The major structural differences between documents are usually due to differences in genre. The major divisions in the body of a prose work could be (for example) chapters, sections, essays, revelations, prayers, etc. Which of these applies to a document will depend on whether the work in question is a novel, a political tract, a religious tract, etc. The major divisions in the body of a verse work are usually poems. The major divisions in the body of a dramatic work are usually acts (and, within those, scenes).
When analyzing a document, one should think along these general lines. However, do not be irrevocably wed to the specific names of divisions which we have used so far at the WWP. New documents will sometimes reveal a new major type of division which so far has not been encountered.
In addition, a document can be quite complex and involve a good bit of nesting of different types of major divisions. For example, a dramatic work may be written in verse form. A dramatic work might contain within it another play (the actors in the play acting out a play of their own). Or, for instance, a fictional novel may contain several large poems. Finally, a text might contain both political musings and poems, as well as a short play thrown in for good measure. Thus it is often helpful to draw a tree diagram or other helpful visual aid of the structure of a document in order to gain a full understanding of its structure.
Thus it is quite likely that your document (inside the front, body, back or all three) will contain several levels of nesting divisions, e.g.,
<body>
<div>
<div>
[stuff]</div>
<div>
[stuff]</div>
<div>
<div>
[stuff]</div>
<div>
[stuff]</div>
</div>
</div>
<div>
[stuff]</div>
<div>
[stuff]</div>
<div>
<div>
[stuff]</div>
</div>
</body>
The TEI refers to major structural elements below the level of the
<div>
as "chunks". Each division of any
text is usually subdivided into major chunks. These chunks differ
according to genre. In prose, the chunk-level element is the paragraph
(<p>
). In verse, the chunk-level element is the
line group (<lg>
). Line groups consist further of
metrical lines (<l>
). In dramatic works, the
chunk-level element is the speech (<sp>
). Speeches
will usually consist further of either paragraphs or line groups.

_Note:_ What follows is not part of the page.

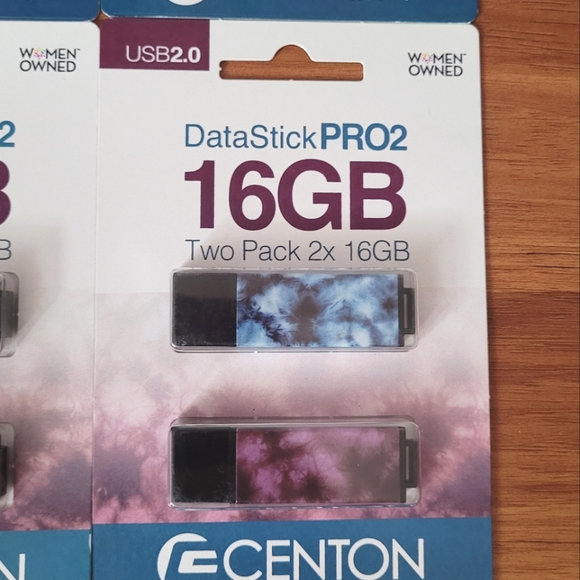 Lot of usb drives. 4 packs total. - Picture 5 of 10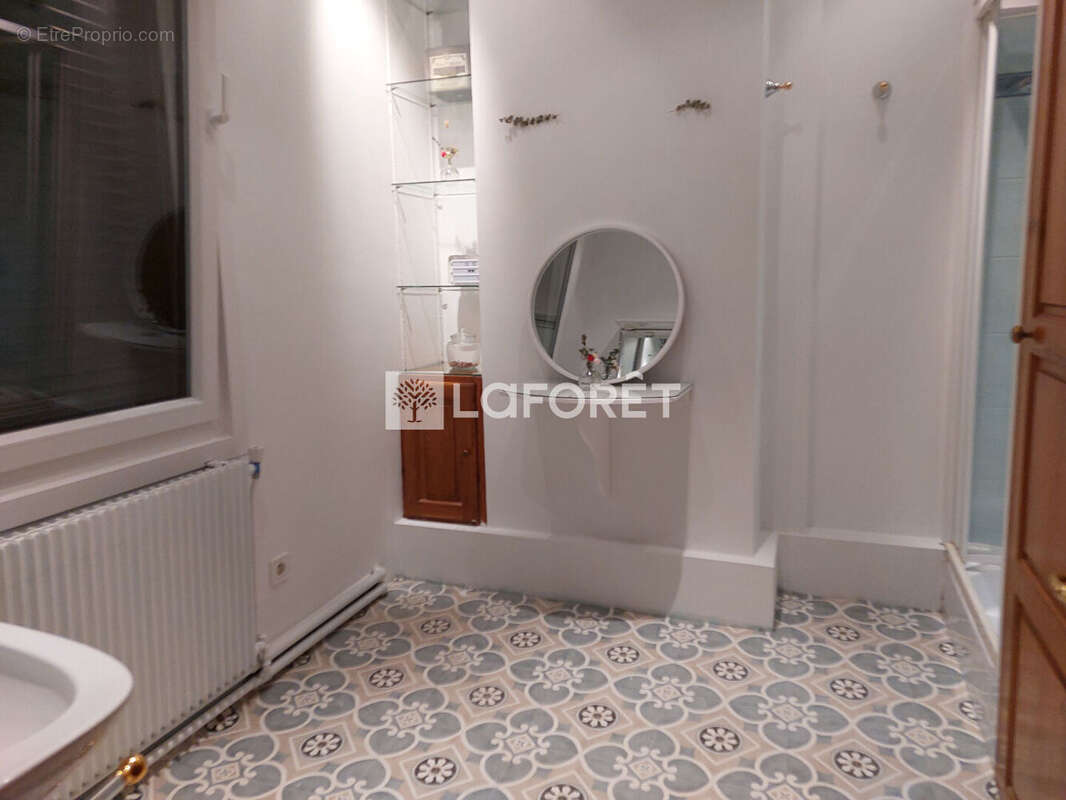 Maison à FREVENT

The TEI has some other major groups of tags to accommodate structures which do not fall into these major groupings. Most of these follow some sort of common sense; for example, many major structural divisions begin with a heading, e.g.:
<div>
<head>
Chapter 1: Chickens</head>
<p rend="reg">
stuff</p>
<p rend="reg">
stuff</p>
</div>
Below or inside the "chunk" level is the
"phrase" level. Thus, any element which you might want to
tag within a paragraph, heading, line group, speech, etc., is a
"phrase-level" element, e.g. (the "<name>
"
is the phrase-level element in this example):
<div>
<head>
Chapter 1: Swords</head>
<p rend="reg">
blah blah blah it was called<name>
Excalibur</name>
blah blah</p>
<p rend="reg">
more blah blah blah</p>
</div>
In general, the WWP encodes phrase-level elements only if they are "renditionally distinct" from the surrounding text. For instance, a phrase-level word or phrase that is italicized within a paragraph which is otherwise regular roman (upright) text should be tagged using a phrase-level element. The main exception to this is proper nouns, which should be tagged whether or not they are renditionally distinct. There is more about renditional distinction, a little farther on in this document.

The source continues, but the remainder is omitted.